I can only chew coconut on one side of my mouth.
Half is nestled behind my wisdom teeth,
to prize out,
shriveled and raw,
when cultural identity comes under question.
Yet after all this time,
the taste is still foreign to my tongue.
My mouth is tentative to taste.
Even more so
to swallow.

Half-caste;
A Countdown ‘pick and mix’
of Europe, East Asia and the Pacific.
I’ve learnt to ignore my trachea’s aggravation
while exhaling coconut’s indigenous compilation.
Its deep consonants, rolling vowels.
No wonder I stutter
and stammer.
My larynx is stuck in time zones,
groggy, despite the jet-lag pills.
Covered by vocal cords rubbing out of phase.

On the four-day trip
from the islands to Otorohanga
British missionaries adjusted the screws of my ancestors’ voice boxes.
They straightened out their tongues
and tightened the muscles surrounding their jaws.
When they lodged their forceps down their throats, they replied,
Au na vosa mada ga na noqu dina,
I will only speak my truth.

My grandmother’s adolescent years
were spent in the Ovalau district convent.
Long legs and a short temper for survival.
Brought up with
soulful hymns of Isa Lei, and
farewell waves,
for a father with whisky in one hand and a cigarette in the other.
She looked to the mainland,
sun-stained hills and hidden valleys of Viti Levu.
For she knew her life elsewhere may soon be underwater.

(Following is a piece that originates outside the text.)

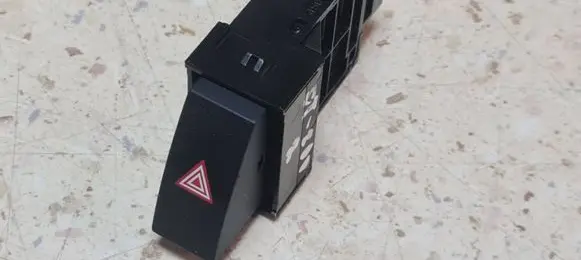 Lexus CT 200H Hazard light switch R15B450 15B450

A place where years later,
her children were raised
up,
each perched on a knee.
Under the coconut tree
of opportunity
pecking at the palm fronds,
dancing till daybreak.
Oblivious to their retreating umbilical cord.
The placenta of their homeland growing weaker.
A connection seen as something
simply to bury beside the chicken coop.

Many years later,
she picked at the holes in my jeans,
and complained of New Zealand fruits’ bland aftertaste.
“Ovalau has the sweetest papaya,” she’d say

In New Zealand
I know karma chameleon.
Stagnant seas of red, gold and green.
I skid stones across the surface,
but there is no ripple to be born on an ocean iced-over.
My culture club cries into the microphone,
you come and go.

Defined by an archaic notion that we are a percentage of ethnicities,
the biggest of which we own as our own,
the others we disregard.
Multiculturalism has left me utterly confused.
Embrace all,
be one,
be all,
embrace one.

I envy my father.

Who can confidently tick ‘Pasifika – Fijian’
on every form.
And his father,
who did so with a blunt pencil lodged between knobby knuckles,
a cup of coffee held between his knees,
and corn he’d extracted from the cob
kernel
by kernel
between his teeth.
Imagine the audacity
for a mixed-race girl to do the same.

P is for Pasilangi.
I is an identity unresolved.
I’m too white for a brown title,
too brown for a white one.
Left to constantly negotiate the terms of my identity,
exchanging chips with reality.
Today I’ll be white.
A child can tell you the colour of their lips,
yet the colour of their culture will require a spectrum of hues.
Check boxes to reach a wider demographic.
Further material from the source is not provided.